As it turned out, the Guptas did know about the fine when they bought the company, Howa said, adding that “it’s a huge amount of money”.
Legal case prepared for Tegeta
Explaining the “battle between Glencore and Eskom”, Howa said Glencore had prepared a legal case for Tegeta to use against Eskom.
“Glencore has provided us with a wonderful legal case they’ve prepared,” he said.
When Eskom refused to budge on signing a new contract for Optimum to supply Hendrina Power Station with coal until the R2bn fine was paid in 2015, Glencore was forced to place Optimum into business rescue in August.
“Glencore disputed it (the fine and) wanted to go to arbitration and then business rescue happened,” said Howa. “In terms of arbitration that business rescue was put on hold.”
The business rescue team told Howa that the penalty – if anything – should be significantly lower. “Glencore has engaged some of the best and finest specialists to look at this matter,” said Howa.
“I don’t think we knew enough about the penalty at that stage (when they decided to buy Optimum),” he said. “First you get to a kind of agreement and then you do a due diligence.
“In the due diligence, we came across it, so we knew it was there. Let’s see how the arbitration goes. That’s the nature of business. We’ll take our chances on that one.”
R586m new coal deal for Guptas
The Carte Blanche interview came after the programme’s segment the previous week on Optimum’s new coal deal with Eskom.
Last week, Eskom’s group executive for generation Matshela Koko admitted that Eskom had agreed to prepay R586m to the company.
Confronted with evidence of the prepayment agreement, Koko had to apologise to Carte Blanche journalist Devi Sankaree for making a “mistake”.

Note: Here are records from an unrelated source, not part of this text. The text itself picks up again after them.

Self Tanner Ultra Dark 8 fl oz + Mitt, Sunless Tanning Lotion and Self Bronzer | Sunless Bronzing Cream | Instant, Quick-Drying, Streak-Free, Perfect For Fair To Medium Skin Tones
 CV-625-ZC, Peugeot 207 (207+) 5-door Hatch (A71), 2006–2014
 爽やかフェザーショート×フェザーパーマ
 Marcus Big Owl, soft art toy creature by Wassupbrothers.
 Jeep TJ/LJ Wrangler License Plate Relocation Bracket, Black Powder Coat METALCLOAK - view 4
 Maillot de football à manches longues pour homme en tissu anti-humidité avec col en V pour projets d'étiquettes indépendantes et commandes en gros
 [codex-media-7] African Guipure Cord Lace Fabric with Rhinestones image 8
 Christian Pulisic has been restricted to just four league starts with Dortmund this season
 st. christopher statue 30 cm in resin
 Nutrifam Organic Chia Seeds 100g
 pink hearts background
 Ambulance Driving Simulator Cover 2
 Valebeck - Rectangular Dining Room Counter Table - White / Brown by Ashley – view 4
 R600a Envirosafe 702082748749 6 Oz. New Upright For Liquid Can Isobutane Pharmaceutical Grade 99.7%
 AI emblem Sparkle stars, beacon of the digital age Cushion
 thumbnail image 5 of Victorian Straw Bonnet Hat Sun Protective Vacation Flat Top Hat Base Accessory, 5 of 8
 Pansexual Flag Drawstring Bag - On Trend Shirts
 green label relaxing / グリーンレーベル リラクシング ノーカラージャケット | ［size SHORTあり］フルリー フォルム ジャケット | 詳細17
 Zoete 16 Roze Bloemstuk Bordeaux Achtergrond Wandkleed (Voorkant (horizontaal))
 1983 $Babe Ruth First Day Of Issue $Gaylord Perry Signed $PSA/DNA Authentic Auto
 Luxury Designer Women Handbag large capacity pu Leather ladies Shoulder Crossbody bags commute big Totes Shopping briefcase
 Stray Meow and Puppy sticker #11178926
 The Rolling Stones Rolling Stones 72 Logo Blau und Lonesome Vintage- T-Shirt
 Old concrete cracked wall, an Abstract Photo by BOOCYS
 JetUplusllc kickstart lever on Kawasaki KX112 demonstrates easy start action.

After at first denying the prepayment, he said: “Let’s say I made a mistake.”
City Press reported last Sunday that in April Eskom awarded the contract to Tegeta to supply the Arnot power station with 1.2 million tonnes of coal over six months. Tegeta received this contract after a nine-month delay by Eskom in awarding a permanent supply contract to replace an Exxaro contract that had expired at the end of 2015.
The issue around the coal contracts is linked to a question some have been asking: How did Oakbay and Tegeta fund the deal to buy Glencore’s Optimum Coal mine for R2.15bn?
“The prepayment deal is particularly controversial because it appears to have been signed just days before Tegeta unexpectedly came up with R2.15bn in funding to buy Optimum mine,” City Press journalist Susan Comrie wrote last Sunday.
However, Howa countered this concern last week, when he gave some clues to Fin24 about how he says Oakbay funded the acquisition.
“It was done through a combination of banks, debt and our own internal funding,” he said.
“We approached the local banks in December last year,” he said. “None of the local banks would help us. So we went to a foreign bank.”